We decided to meet at the apartment of one of the girls and “write the script.” This entailed figuring out how many Italian words we know between the four of us and then trying to stretch that into a story that fit the five-minute minimum. I arrived at the college apartment ten minutes late because apparently the first two years of college don’t cover how to give coherent directions to your home. When I arrived, no one answered the door. I loitered in a hallway that smelled like weed and Hot Pockets, until a neighbor let me in to the apartment, which was not a huge accomplishment, as the door was unlocked anyway.
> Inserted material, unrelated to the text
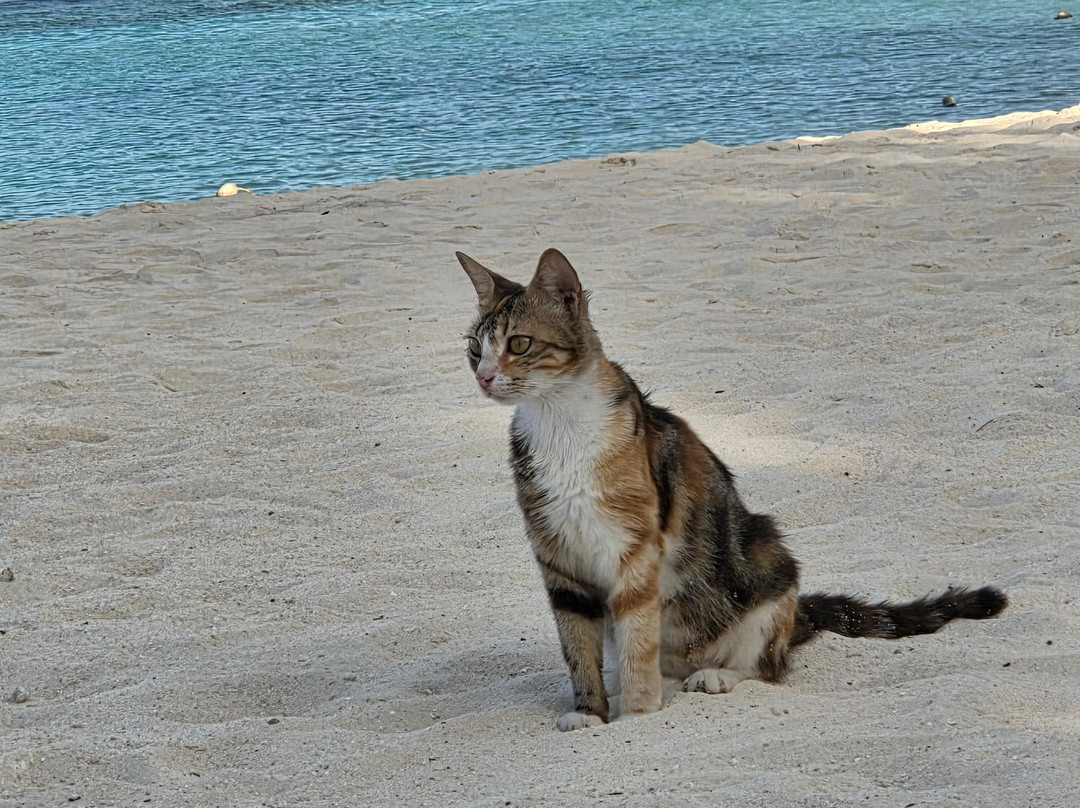 Gulhi Beach-Gulhi Island必去景点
I waited, sitting quietly on the couch next to a guy who was passed out in his underwear. I looked around the apartment and tried not to touch anything, since the whole place seemed to be coated in something gluey. Let me just say that going to a college apartment when you are thirty-one-year-old married woman is a funny thing. Especially if it is your first college experience, and when you were nineteen you were usually living in hotels, and your most mutinous act was swiping an extra mini-shampoo from the maid’s cart. It was kind of like going to a zoo to look at the animals. It’s exotic and fascinating and there are many surprises, like the fact that there is half of a sandwich sitting on top of the toilet tank, or the eventual realization that no one knew who the sleeping-in-his-underwear guy actually was.
Finally, my skit partners arrived and we all sat on an unmade bed and wrote a ridiculous Italian tale of love and betrayal. I played the role of a server who watches all the drama unfold while attempting to offer the tormented lovers more food. This role was perfect for me as I was most confident in my restaurant Italian and ravioli counted as an Italian word. We did a couple of takes, with one of us inevitably forgetting that the double c in Italian is pronounced like a “k.”
Near the end of the day, one of the girls contracted what we call in the film business a “giggle fit.” This is a highly technical term, so let me explain; it’s when you laugh uncontrollably as soon as the camera rolls. It’s the stuff of great blooper reels and extra footage that plays under the final credits. My skit partner was doubled over with gasping laughter and just couldn’t get it together. It was getting exhausting. By the tenth time we tried to film our stupid scene and she turned purple, I had to intervene.
“Just try jumping jacks.”
“What?”
“Jumping jacks. Seriously. It’ll work.”
My skit partner did some dubious jumping jacks, which woke up the random sleeping guy on the couch. He looked around, rubbed his eyes, put on his pants and left. When we tried again, we got through the whole thing with no giggling and finally finished the damn skit.
“Wow.” The girl looked at me. “That totally worked. Have you done a lot of skits before?”
Apparently I was wrong. Some of my acting skills did transfer over into my real life.